> **ACTION ITEM**:
An exact copy of the data is required. No picture may appear in it.

> **DATA RECORDS**:
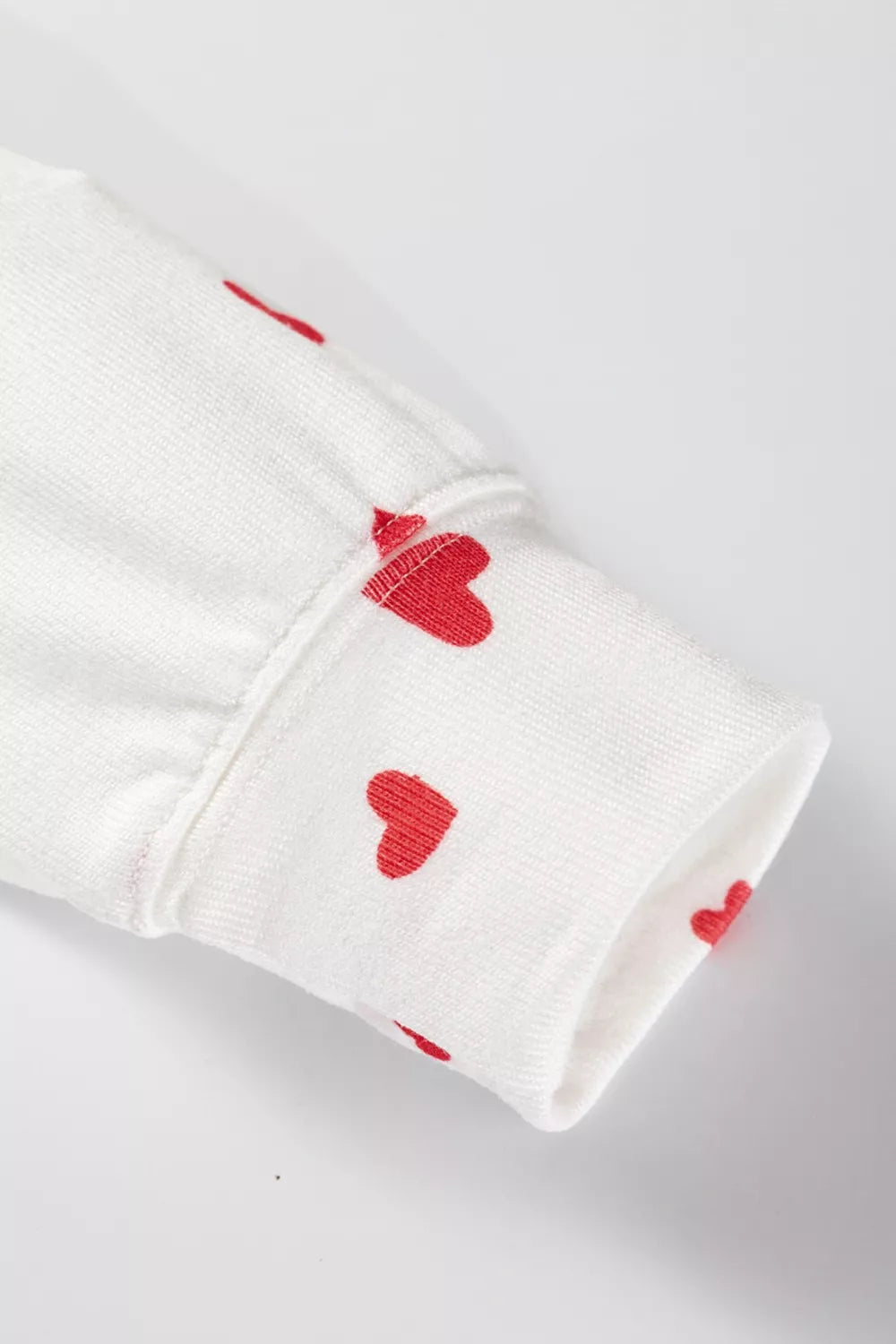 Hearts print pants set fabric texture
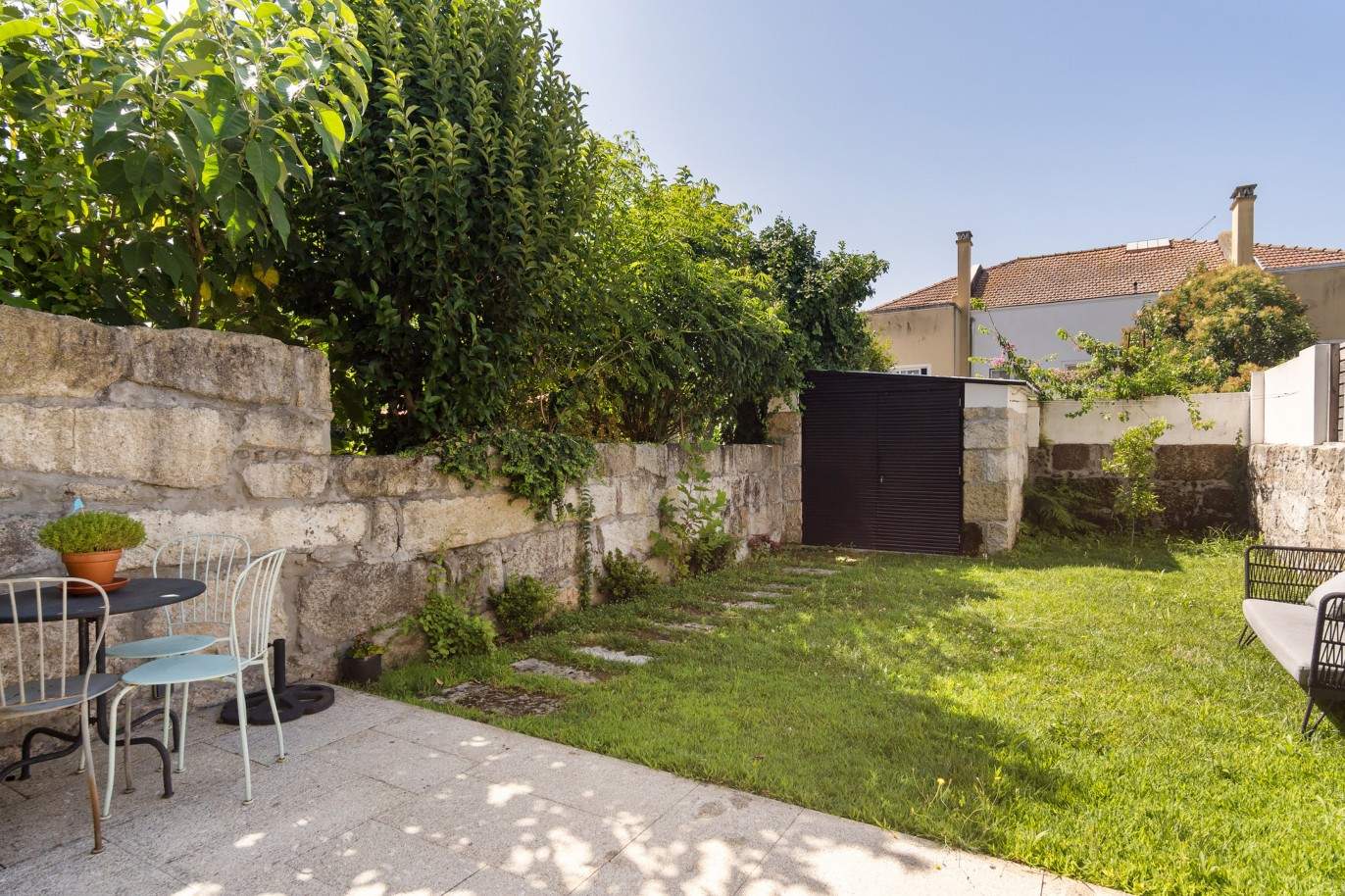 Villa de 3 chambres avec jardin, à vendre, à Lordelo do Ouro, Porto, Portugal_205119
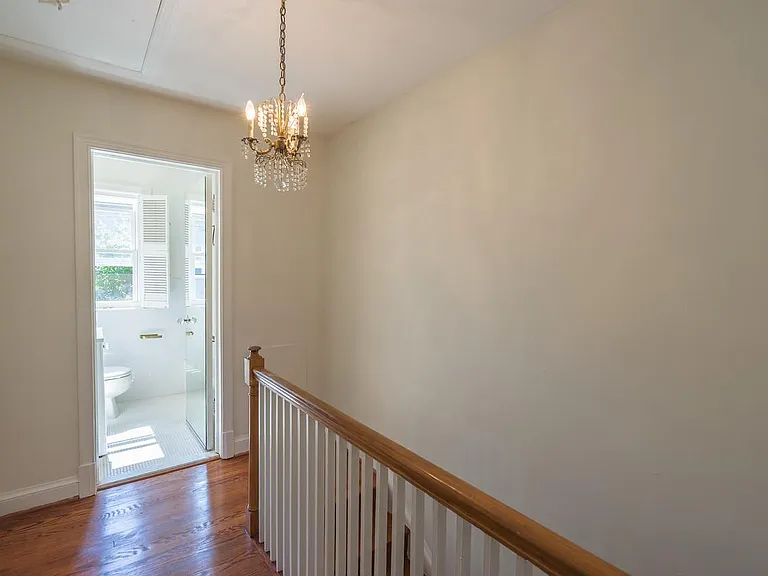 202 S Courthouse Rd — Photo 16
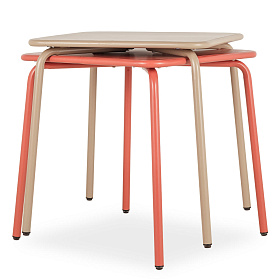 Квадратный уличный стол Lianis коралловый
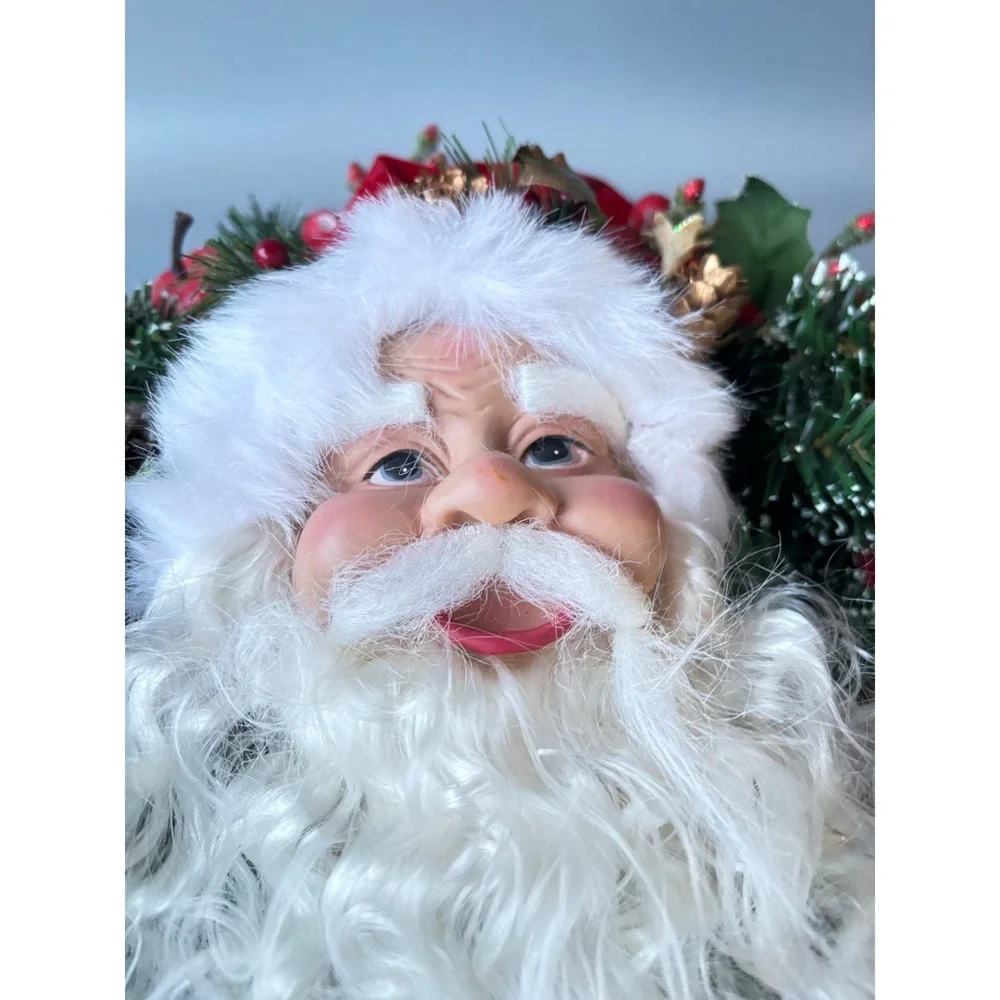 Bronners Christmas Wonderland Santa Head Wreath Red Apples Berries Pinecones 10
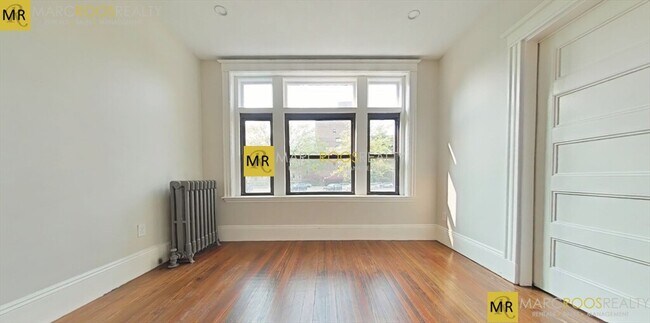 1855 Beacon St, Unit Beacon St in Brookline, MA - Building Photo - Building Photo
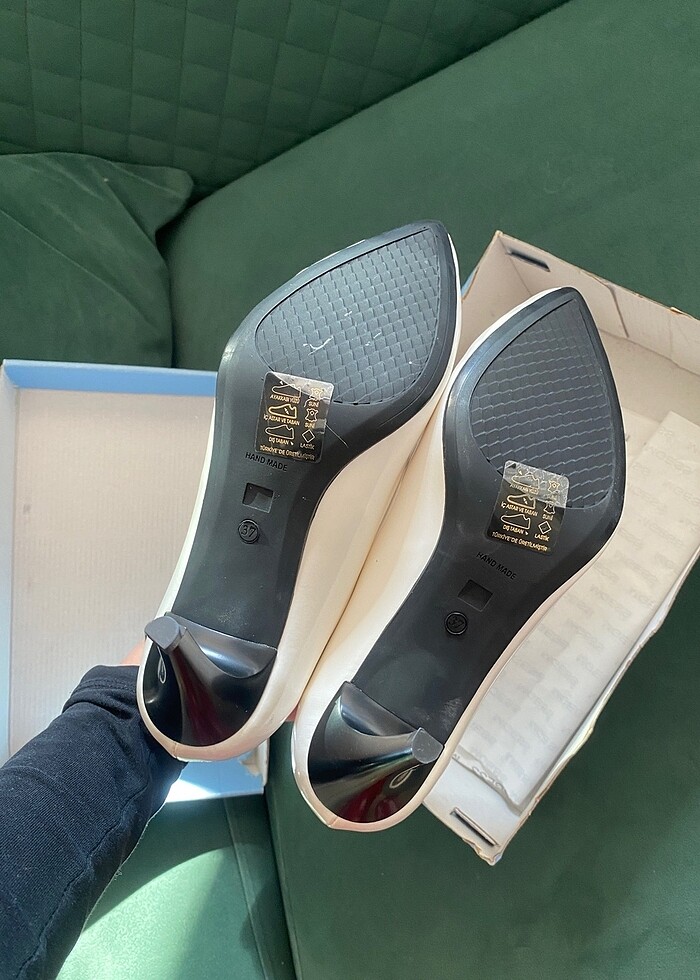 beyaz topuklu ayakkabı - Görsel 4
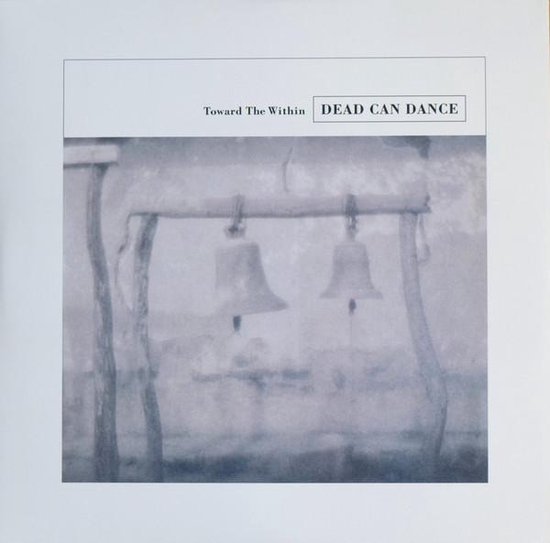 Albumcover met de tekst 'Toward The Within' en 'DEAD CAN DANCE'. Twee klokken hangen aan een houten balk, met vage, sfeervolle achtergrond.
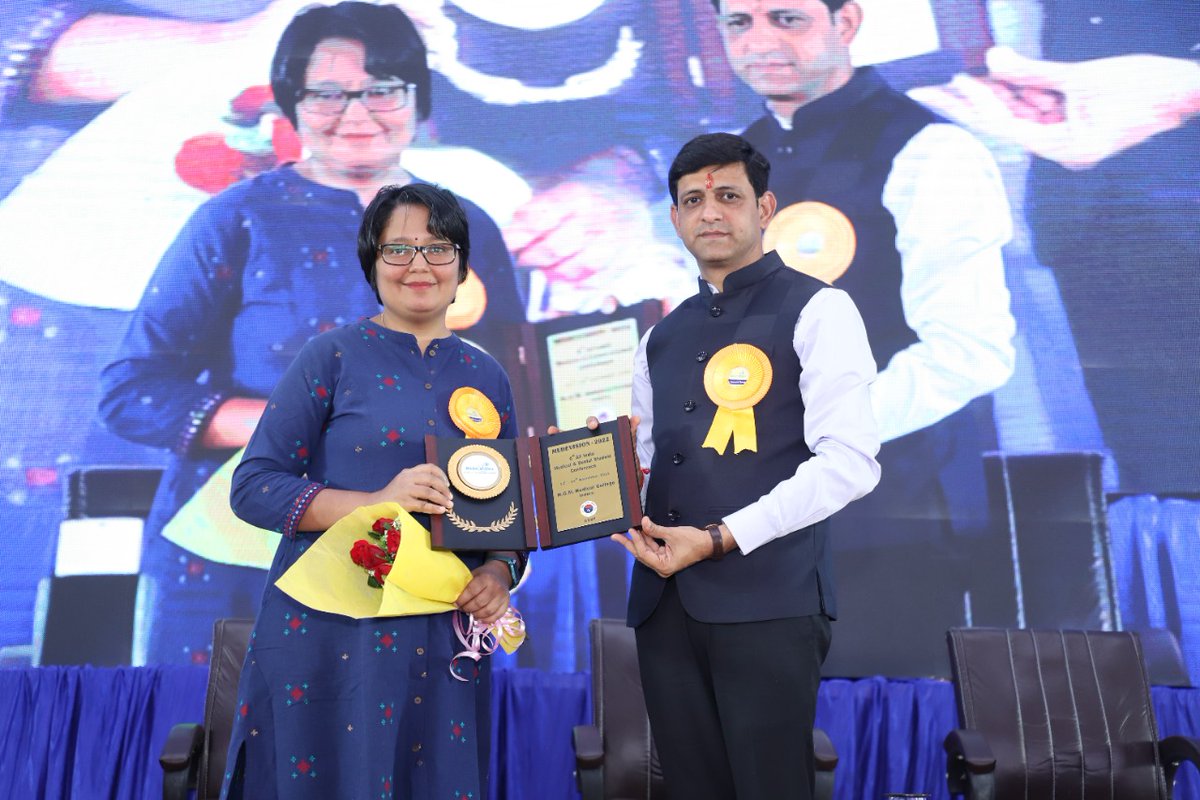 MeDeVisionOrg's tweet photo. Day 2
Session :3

> **TASK OUTPUT**:
 Hearts print pants set fabric texture
 Villa de 3 chambres avec jardin, à vendre, à Lordelo do Ouro, Porto, Portugal_205119
 202 S Courthouse Rd — Photo 16
 Квадратный уличный стол Lianis коралловый
 Bronners Christmas Wonderland Santa Head Wreath Red Apples Berries Pinecones 10
 1855 Beacon St, Unit Beacon St in Brookline, MA - Building Photo - Building Photo
 beyaz topuklu ayakkabı - Görsel 4
 Albumcover met de tekst 'Toward The Within' en 'DEAD CAN DANCE'. Twee klokken hangen aan een houten balk, met vage, sfeervolle achtergrond.
 MeDeVisionOrg's tweet photo. Day 2
Session :3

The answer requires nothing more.